Netanyahu spent years promising secular Israelis security and stability while simultaneously promising his Haredi allies continued protection from conscription. Eventually those promises collided with reality.
According to Israeli reports, Netanyahu privately admitted he lacked the votes necessary to pass legislation preserving the exemptions demanded by ultra-Orthodox parties. That admission appears to have shattered support from influential rabbinical leader Rabbi Dov Lando, whose reported withdrawal of confidence sent Netanyahu’s coalition into free fall.
The collapse has fueled accusations that Netanyahu governed through political dependency rather than leadership. Critics say he repeatedly postponed difficult national decisions in order to preserve his coalition, allowing divisions over military service, judicial reform and religion to deepen while focusing primarily on remaining in office.
Opposition leaders wasted little time attacking the government’s collapse. Benny Gantz called it the failure of one of the worst governments in Israeli history, while Yair Lapid signaled his bloc was already preparing for elections.

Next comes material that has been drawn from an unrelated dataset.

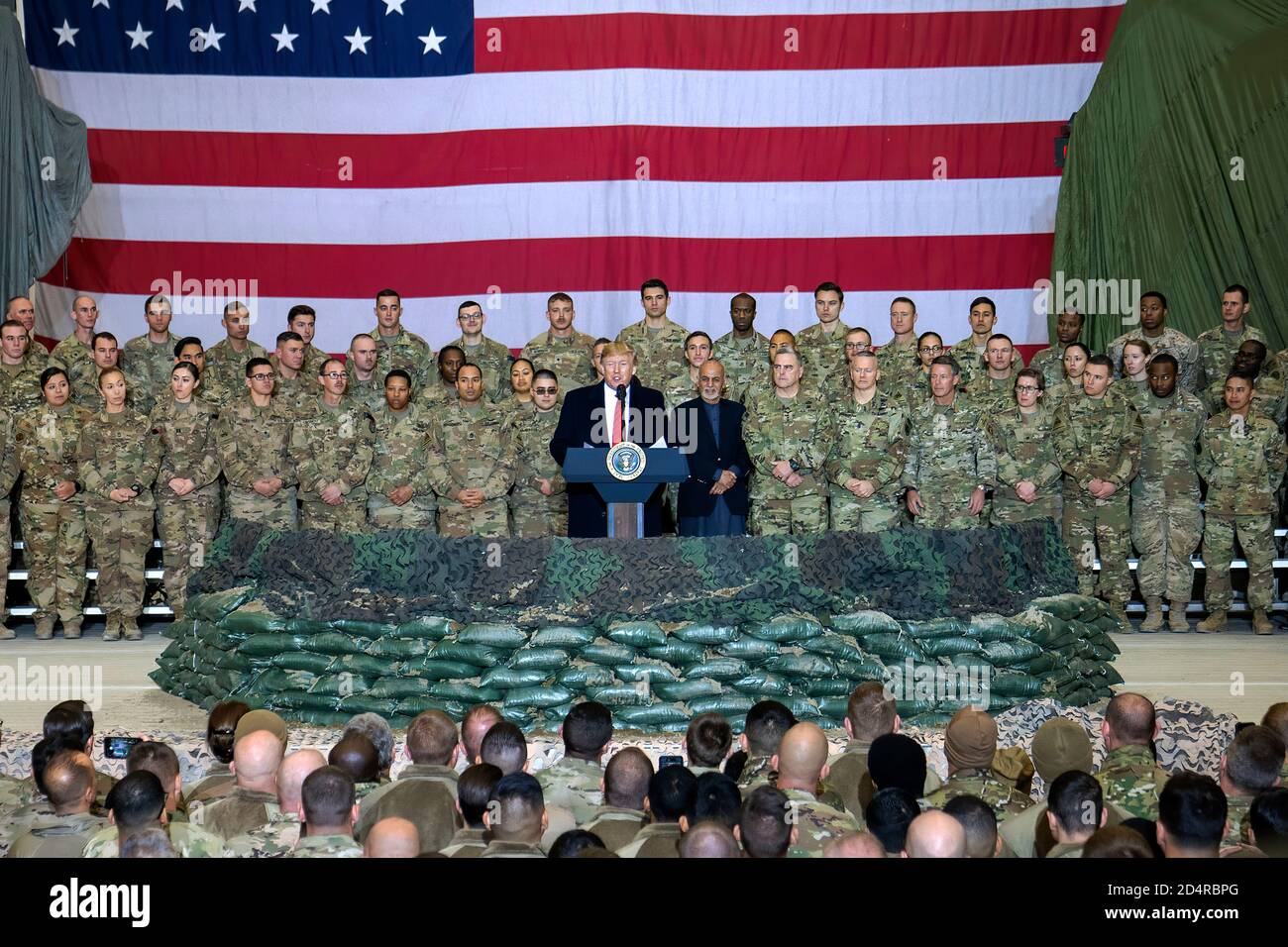 President of the United States Donald J. Trump and Army Gen. Mark A. Milley, chairman of the Joint Chiefs of Staff, meet with service members at Bagram Airfield in Afghanistan, Nov. 28, 2019. (DOD photo by U.S. Navy Petty Officer 1st Class Dominique A. Pineiro) Stock Photo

But the damage to Netanyahu may go beyond another political setback.
For decades, Netanyahu cultivated an image as Israel’s ultimate political survivor, a master tactician capable of escaping scandals, elections and internal revolts that would destroy other leaders. Yet this crisis cuts deeper because it reveals the limits of transactional politics.
He empowered factions he could no longer control.

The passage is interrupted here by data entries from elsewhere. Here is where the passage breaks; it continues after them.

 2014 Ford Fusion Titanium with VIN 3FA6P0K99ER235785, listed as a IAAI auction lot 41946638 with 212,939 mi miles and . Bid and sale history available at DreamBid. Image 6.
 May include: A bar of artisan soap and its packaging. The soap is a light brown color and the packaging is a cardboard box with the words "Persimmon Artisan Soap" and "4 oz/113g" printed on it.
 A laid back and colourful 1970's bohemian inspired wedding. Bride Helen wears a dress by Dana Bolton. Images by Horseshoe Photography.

He made promises he could no longer keep.
And in the end, the coalition he built to guarantee his survival may have become the instrument of his political humiliation.
Israel now heads toward another possible election with a fractured electorate, rising public frustration and no clear governing majority in sight. Polls suggest Netanyahu’s right-wing bloc may remain powerful, but potentially too weak to govern alone.
That uncertainty leaves Israel trapped in the same cycle that has consumed its politics for years: unstable coalitions, ideological warfare and leaders focused more on political preservation than national consensus.
For Netanyahu, the symbolism could not be more damaging. The man who once portrayed himself as the guardian of Israeli stability now leaves behind another collapsing government, another divided parliament and another nation preparing for political paralysis.
And this time, even his closest allies decided he was no longer worth saving.